Thursday, September 2, 2010

A Cracked Comic View of America

This post by Scott Adams, creator of the Dilbert cartoon had me rolling on the ground laughing. It is funny. It has elements of seriousness. But it puts it in a crackpot way that leaves you laughing:
Future Generations Steal from Themselves

Scott Adams

One way of imagining the future is that you and I, the so-called current generation, will selfishly party until we die, leaving to our children nothing but crushing debt, a boiling turd of a planet, and various Apple products. The problem with this analysis is that young adults have most of the guns and muscles. So isn't the younger generation complicit in stealing from itself?

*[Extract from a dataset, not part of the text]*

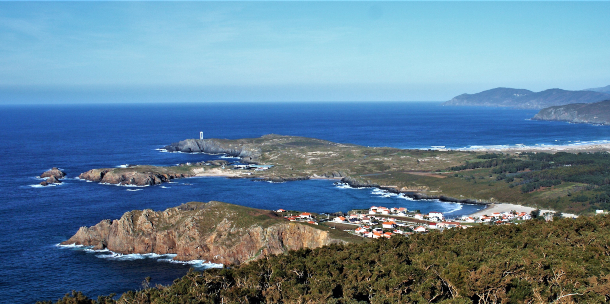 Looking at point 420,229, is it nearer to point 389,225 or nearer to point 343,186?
point 389,225

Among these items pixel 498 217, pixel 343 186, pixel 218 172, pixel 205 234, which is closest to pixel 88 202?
pixel 205 234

Imagine a 20-something, muscular thug on the street, with a loaded gun in his waistband. A 60-year old banker with a bad back waddles up to him and says, "Give me your wallet!" The thug reaches past his gun and hands over his wallet. That's how our society is organized. I'm not complaining, since I have more in common with the banker than the thug.

In theory, the young soldiers in any country could collectively decide that they deserve most of the national wealth and then simply take it. If you think that sounds like a crime, assume that the first thing the soldiers could do is force lawmakers to rewrite the laws. If you think that sounds unethical, I would argue that the people who take the most physical and mental risks for the benefit of society should get the most pay. That seems perfectly reasonable and moral to me. And let's assume the soldiers are smart enough to leave enough money in the capitalist system that it still works. Perhaps the CEO of a major corporation would only earn $250K per year. If he wants more, he can join the Navy.

I only bring this up because I'm fascinated by the degree to which brains have evolved to become more powerful than guns. Society's founding geniuses engineered a social system that encourages the young people who have guns to shoot at each other instead of robbing old people. Forgive me for calling that awesome.

Arguably, the most important function of human language is to protect the smart from the strong. Humans use words to create sentences, and sentences to create concepts, such as our notions of duty and honor. Powerful concepts control behavior.

Without our language and concepts, the strong would kill the smart, and humans wouldn't evolve to be any smarter. I think you could say that human evolution is being guided at least partly by the power of ideas.

I can't remember if I had a point.
I think back over the decades I've been kicking around and all the idealists who have proposed prescriptions for bettering mankind, for creating wealth, for solving the problems of the world. It is a sad history of failed ideas and people gone mad with power. What history teaches is that the mysteries of creating and sustaining a civil society are profound and nobody has truly got a handle on them. I'm just thankful I live in a functioning government. When I look south of the border at the US I fear I'm seeing the crackup of a once mighty nation. Funny thing, if the US looks south of its border, it very clearly is a seeing a nation devolving from a creaky but functioning state government into a narco-terrorist state. I just hope it isn't catching!